WORK TASK →
Print the data that follows exactly.

EXERCISE INPUT →
= = =

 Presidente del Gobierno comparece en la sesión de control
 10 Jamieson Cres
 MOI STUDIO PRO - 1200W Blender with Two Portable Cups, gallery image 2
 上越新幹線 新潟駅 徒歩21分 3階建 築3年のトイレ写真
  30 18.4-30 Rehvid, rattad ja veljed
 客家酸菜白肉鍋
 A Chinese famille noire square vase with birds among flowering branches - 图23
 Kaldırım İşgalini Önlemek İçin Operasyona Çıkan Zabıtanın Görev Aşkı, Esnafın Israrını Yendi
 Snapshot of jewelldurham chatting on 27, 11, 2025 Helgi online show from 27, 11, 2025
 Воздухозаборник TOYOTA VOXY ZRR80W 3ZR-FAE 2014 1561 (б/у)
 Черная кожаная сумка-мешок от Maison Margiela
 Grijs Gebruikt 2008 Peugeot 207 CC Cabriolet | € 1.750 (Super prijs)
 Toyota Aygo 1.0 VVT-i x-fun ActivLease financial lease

= = =

TASK RESPONSE →
 Presidente del Gobierno comparece en la sesión de control
 10 Jamieson Cres
 MOI STUDIO PRO - 1200W Blender with Two Portable Cups, gallery image 2
 上越新幹線 新潟駅 徒歩21分 3階建 築3年のトイレ写真
  30 18.4-30 Rehvid, rattad ja veljed
 客家酸菜白肉鍋
 A Chinese famille noire square vase with birds among flowering branches - 图23
 Kaldırım İşgalini Önlemek İçin Operasyona Çıkan Zabıtanın Görev Aşkı, Esnafın Israrını Yendi
 Snapshot of jewelldurham chatting on 27, 11, 2025 Helgi online show from 27, 11, 2025
 Воздухозаборник TOYOTA VOXY ZRR80W 3ZR-FAE 2014 1561 (б/у)
 Черная кожаная сумка-мешок от Maison Margiela
 Grijs Gebruikt 2008 Peugeot 207 CC Cabriolet | € 1.750 (Super prijs)
 Toyota Aygo 1.0 VVT-i x-fun ActivLease financial lease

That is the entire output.